Friday Night Dinner: BYOBB

When I was a kid Friday was pizza night. And if you read this post you know I love me some pizza. So basically Friday was completely and totally the best night ever.

Unfortunately my dear husband probably wouldn’t go for having pizza every Friday [the things you don’t know before you get married…]. But I still try to make something yummy and fun for dinner on Friday, if we end up eating at home.

This week we had some guests coming over and I decided to make a “casual company” standby. It’s one of the first meals I make for new friends or at least guests I haven’t had over much. It’s super customize-able and you don’t have to worry about someone not liking everything.

[picture from annies-eats.net]

Build Your Own Burrito Bowls [BYOBB]

Adapted from Iowa Girl Eats

Rice:

Make rice like normal and once it’s cooked throw in a pat of butter, a half a squeeze of lime, some cilantro and a good sprinkle of salt. I like to add in garlic powder too. For four people I made two and a half cups of rice and had a little bit left over.

Chicken:

I do about a half a chicken breast per person and then throw in another half if it’s a lot of guys. Coat the breasts with a mixture of chili powder, cumin, garlic powder and some oregano. Salt and pepper to top. Toss those babies on a hot skillet [grill is WAY better if it’s not freezing out].

*Note – you can do these in the crockpot and just have shredded chicken. I have done that before when I knew I wouldn’t have a lot of time to prep.

Toppings:

  • Bell peppers and onions, sliced and sautéed
  • Pico de gallo
    Chop tomatoes, white onions, jalapeno and cilantro. Toss with some lime juice and salt. Pico.de.gallo. Done
  • Shredded cheese [I like cheddar]
  • Sour cream, if you like it
  • Chopped romaine lettuce
  • Black beans [we love Kuner’s black beans with jalapeno.

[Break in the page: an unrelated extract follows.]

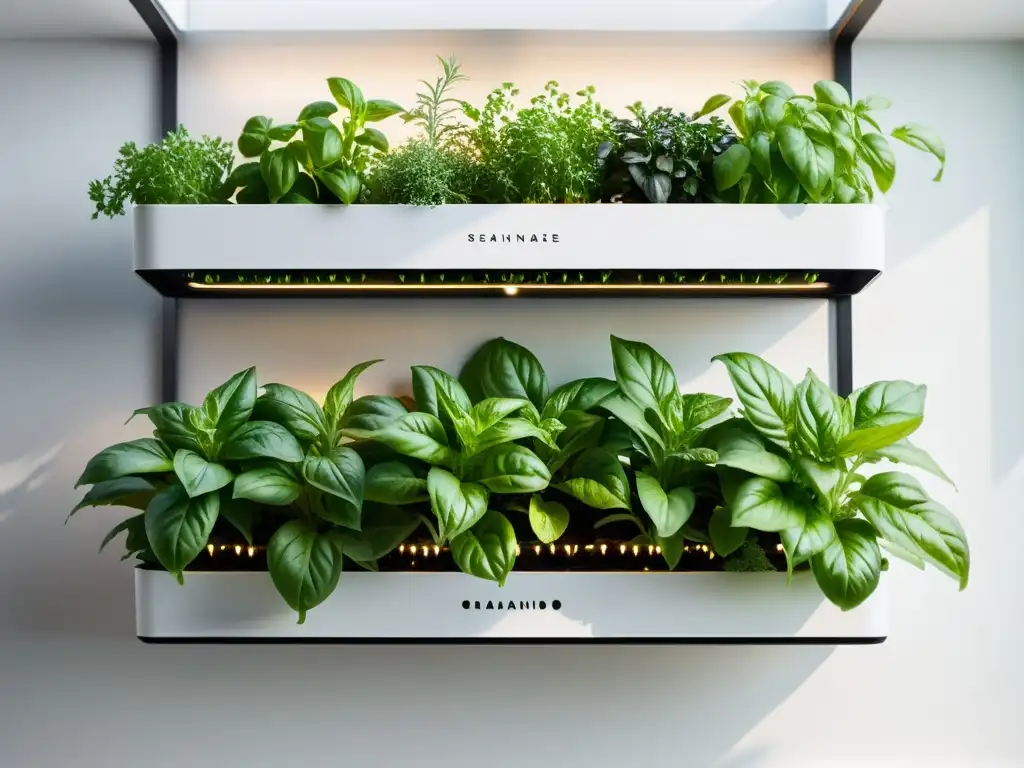 Un jardín vertical de hierbas aromáticas con basil, romero y cilantro, iluminado por el sol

You can get them at Mariano’s in the Hispanic food aisle]
  • Salsa [if you are like me and don’t like pico]
  • Guacamole [follow my recipe here]
  • Hot sauce

Make all the pieces, plate them or put in serving bowls. Give everyone a bowl and let them fill to their liking! You can omit any toppings you don’t like or add in any you want. The original recipe I got this from doesn’t have sautéed onions and peppers, which is my favorite part. So I just added them in there.

The best part about this meal is that almost everything can be done ahead of time. So really you can just reheat the night of. And I don’t know about you, but on Friday night the last thing I want to do is be stuck in front of the stove forever like I was last Thursday. When I made risotto. And had to stir for 45 minutes. Shoot me.